◆ **Problem**
What lines of the data below hold "image"? Show them.

◆ **Records supplied**
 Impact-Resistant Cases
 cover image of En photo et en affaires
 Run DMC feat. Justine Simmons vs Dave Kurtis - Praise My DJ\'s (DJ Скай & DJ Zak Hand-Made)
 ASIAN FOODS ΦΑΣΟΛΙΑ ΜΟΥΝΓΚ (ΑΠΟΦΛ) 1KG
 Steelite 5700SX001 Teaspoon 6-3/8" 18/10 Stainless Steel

--

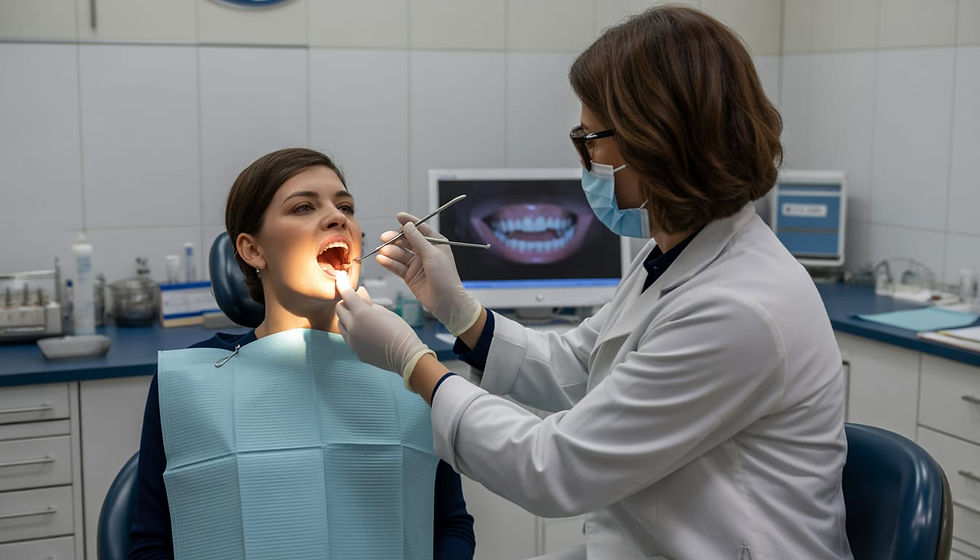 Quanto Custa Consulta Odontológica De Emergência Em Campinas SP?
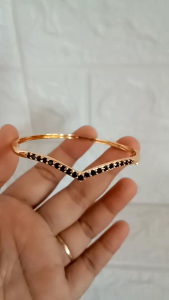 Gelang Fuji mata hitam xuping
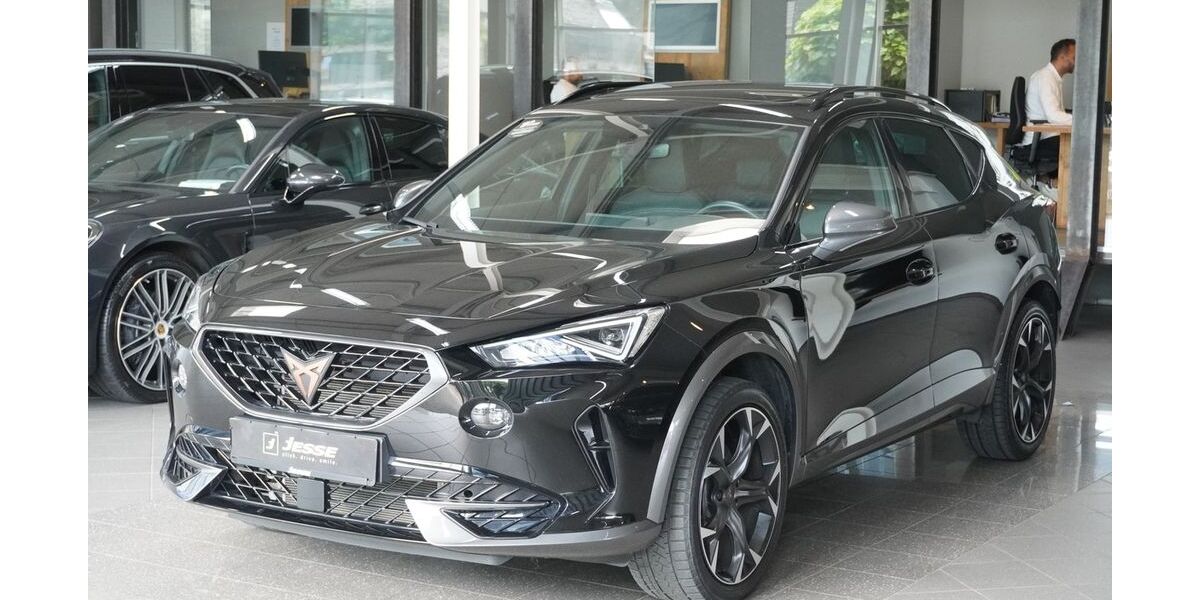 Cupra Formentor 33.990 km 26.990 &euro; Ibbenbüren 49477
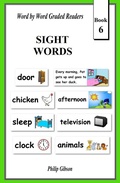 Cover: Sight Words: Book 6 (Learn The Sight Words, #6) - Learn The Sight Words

==

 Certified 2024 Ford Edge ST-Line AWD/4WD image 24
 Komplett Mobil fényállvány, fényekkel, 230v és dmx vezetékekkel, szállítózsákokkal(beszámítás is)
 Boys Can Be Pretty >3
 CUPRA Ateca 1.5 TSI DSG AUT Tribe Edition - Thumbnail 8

◆ **Answer to this task**
 cover image of En photo et en affaires
 Certified 2024 Ford Edge ST-Line AWD/4WD image 24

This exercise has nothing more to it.